One class of metrics pertains to consumer satisfaction and loyalty. These metrics can embrace the “Internet Promoter Rating” (which relies on the query “Would you suggest this firm to a pal”?), or by taking a look at consumer opinions on third-party web sites (which may symbolize an essential alternative beneath the SEC’s new advertising and marketing rule). Second, companies can assess consumer service supply metrics, which can provide companies an thought of how properly they’re assembly their guarantees and may be measured with information on how rapidly the agency responds to prospect and consumer emails and cellphone calls (and surveys on whether or not the shoppers and prospects have been happy with this response time). A 3rd set of helpful information factors pertains to how people work together with the agency’s web site. Three beneficial metrics embrace customers (the variety of distinctive individuals who go to the web site throughout a sure time interval), classes, the variety of separate events the positioning has been visited by a consumer, and web page views, or what number of particular person pages of the positioning have been seen. And utilizing a instrument like Google Analytics can present extra superior web site information as properly.
Advisory companies can even assess their prospect and consumer communication and engagement metrics. As an illustration, e mail campaigns may be measured based mostly on areas such because the open charge, click-through charge, and conversion charge (the speed at which recipients comply with a name to motion). As well as, social media posts may be assessed for the variety of impressions they obtain and the engagement that they create. Lastly, companies can even use consumer sustainability metrics to measure the energy of their consumer relationships. These can embrace the variety of referrals acquired from shoppers in addition to the consumer retention charge.

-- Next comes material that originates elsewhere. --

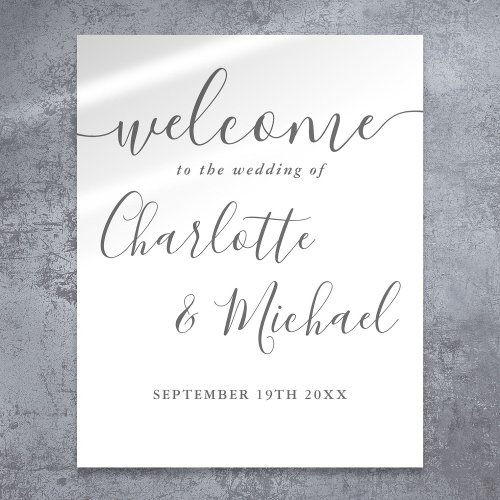 Gray Signature Script Wedding Welcome Sign
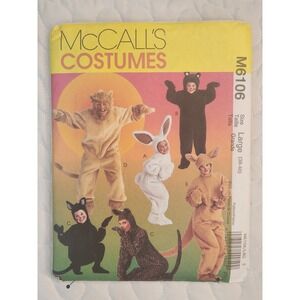 LION BEAR CAT KANGAROO BUNNY McCall's M6106‎ Costumes Sewing Pattern Adult Kid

In the end, the important thing level is that for a agency to grasp its well being, it must transcend AUM or income and take a look at underlying metrics that may present how its shoppers really feel in regards to the service they’re receiving in addition to the agency’s effectiveness in attracting new shoppers. And by evaluating these outcomes to {industry} benchmarks, companies can then determine areas the place they lag different companies and make the modifications wanted to develop into a stronger and extra sustainable enterprise!
(Brett Davidson | FP Advance)
Enterprise administration thinker Peter Drucker’s quote “You may’t handle what you possibly can’t measure” is especially relevant to advisory companies. And whereas analyzing metrics typically comes naturally to advisory agency house owners (who assist shoppers with their very own wealth ‘metrics’ all through the day), these information factors can differ of their capability to point out the expansion prospects of the agency.
For instance, many companies measure themselves based mostly on AUM, however this can be a ‘lagging’ metric that exhibits the outcomes of the agency’s work thus far however doesn’t give an image of the place the agency may be going sooner or later. As an illustration, a agency with $100M in AUM that has onboarded six new shoppers this 12 months is more likely to see higher efficiency within the years forward than a agency with the identical AUM however no new shoppers previously 12 months. As an alternative, companies can look to ‘main’ metrics to get a greater thought of the place they’re heading. These metrics may be derived by taking a look at a lagging indicator (like AUM) and dealing backward to find out how the agency would get there. For instance, web site visits can result in e mail listing sign-ups, prospect inquiries, exploratory conferences, and eventually new shoppers that add to the agency’s AUM. By measuring every of those main indicators, a agency can get a greater image of its prospects going ahead than taking a look at a lagging indicator.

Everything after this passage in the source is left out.